Penny: So Rich, should I use my IRA to pay a chunk of my $173,000 in student loans?
Rich: Hey Pen, I didn’t realize your house payment was so low compared to local rents … I said sell the house, but that changes the equation. How much is in your IRA?
Penny: I have around $35,000 in mine and my husband has $7,000 in his (he already cashed most of his out when starting his business).
Rich: Ah, I see. So you have around $42,000 remaining. At some point I’d love to hear more about the business — how it’s going, if there’s extra business debt, etc.
Penny: Sure, cuz. Now focus! Student loans. Let’s say we cash in $30,000 from our IRAs and put it toward our student loans. Am I doing the math right here… $30,000 x 6.375% = $1,912.50 per year saved in interest payments x 13 years = does that actually equal a savings of $24,862.50 if we weren’t paying interest on that amount the remainder of the time?

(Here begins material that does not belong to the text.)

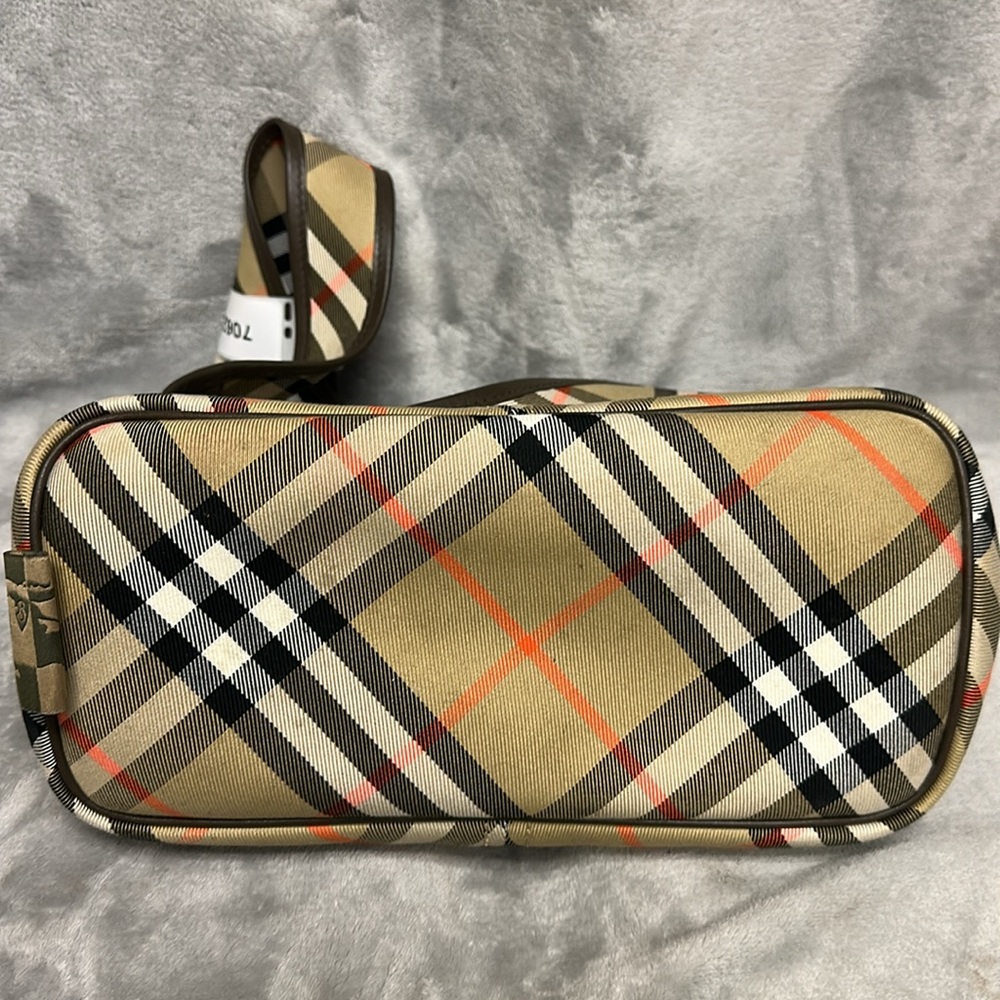 BURBERRY Beige Large Check Shoulder Bag - Picture 6 of 10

Rich: Well, under your current plan you will pay off the loan in 13 years and pay $86,000 in interest. A very rough spreadsheet (working off one of your old ones) shows that if you took $30,000 to pay principal on the loan this year, it’d look like this:
So you’d save $29K I’m assuming that after you pay the big chunk, you’d stick with your annual $20K payment. What do you think?
I should mention that the way we are calculating this is not exactly correct. The reason is that student loan interest is usually not calculated annually. It accrues daily. Check out this article from Student Loan Hero about how student loan interest works.

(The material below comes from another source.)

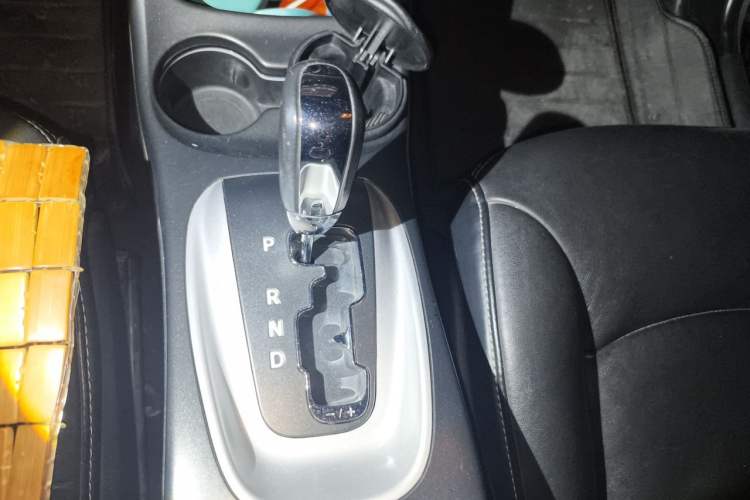 Used Dodge Journey 2013 2.4L Two-Wheel Drive Luxury Version Gear Lever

Anyway, we’re not talking a huge difference, but it’ll be very difficult for us to get an amateur spreadsheet to match what’s actually going on in your loan statements. We aren’t math gurus.
Penny: Ok, cool beans. That’s fine. If I cared about math I probably wouldn’t be in all this debt. Ha! So do you think we should cash them out entirely, or leave a couple thousand in there just so we don’t close our accounts (that’s what I’m leaning toward doing).
Rich: Can you give me more detail on the contributions and earnings? The contributions can be withdrawn without penalty from a Roth IRA, but the earnings would be taxable and probably face a 10% penalty. Here’s a good article explaining Roth IRA withdrawal rules.
Penny: Sure. Out of my $35,000 IRA, if I’m looking at it correctly, I think my contributions were $20,000… so $15,000 would be earnings.
Rich: Hey, that’s pretty good! Way to stick with it through the Great Recession!
If it were me, I’d withdraw those contributions. Some people would say you shouldn’t do this because your IRA will grow faster than your debt (i.e. your investments will do better than 6.375%). Maybe, but maybe not. So how do we account for uncertainty?
What people miss, in my opinion, is the calculation of risk. Right now the stock market is at all-time highs. Many would say (and I would agree) that stocks are due for a dip.
On the other hand, if you pay off debt, you are guaranteed a return of 6.375% for the life of the loan. Look at it this way: If there was a risk-free savings account paying 6.375%, most people would be thrilled and shove buckets of money in there. Or look at it another way: Would you borrow money at 6.375% to invest in the stock market? No way.
So, your choice is between a risky 8% return or a risk free 6.375%. Considering this would knock a couple years off your loan, I say pay the debt. That said, I agree on leaving the earnings in to avoid the 10% penalty and keep the account open.
Penny: So, you would recommend just taking my contributions of $20,000 out? If we do that, we won’t get the 10% penalty? I don’t fully understand how that money is separated out (the contributions vs the earnings). So, I will still have $15,000 in the account, and since I will no longer have any contributions in there, it will all just be earnings? If I ever withdraw that money in the future, it will just be all earnings? How does Vanguard keep track of that all?
Rich: Yes, that’s what I’d recommend, take the contributions. Technically, you should keep track. Is it on a statement? When you withdraw it may ask you on the withdrawal form.
Later, before next year’s taxes, you’ll get a form 1099R that should confirm your withdrawal. Keep that for your accountant. It “proves” you withdrew contributions that will not be taxed. All of this is self-reporting so it’s not too tough. Considering your situation, you are not going to get audited by the IRS.
I guess my thinking about leaving the $15k in would be to avoid the penalty because you would not only pay a penalty (10%) you would also pay taxes on the gains, so you’d lose a chunk of that money.
Penny: Okay, that’s what I’ll do.
….. Time passes ….
Penny: Guess what? I called Vanguard today to withdraw our contributions (turned out to be $19,000)!
Rich: So, if you pay that toward the loan this year, and keep paying your $20K annually, you just saved yourself nearly $20K in interest. And your loan will be paid off 2 years earlier. Boom!
Readers, are these cousins crazy, or crazy like foxes? Are there better ways for Penny to pay off $173,000 with an income of $40,000? Under what circumstances would you sell assets to pay off debt?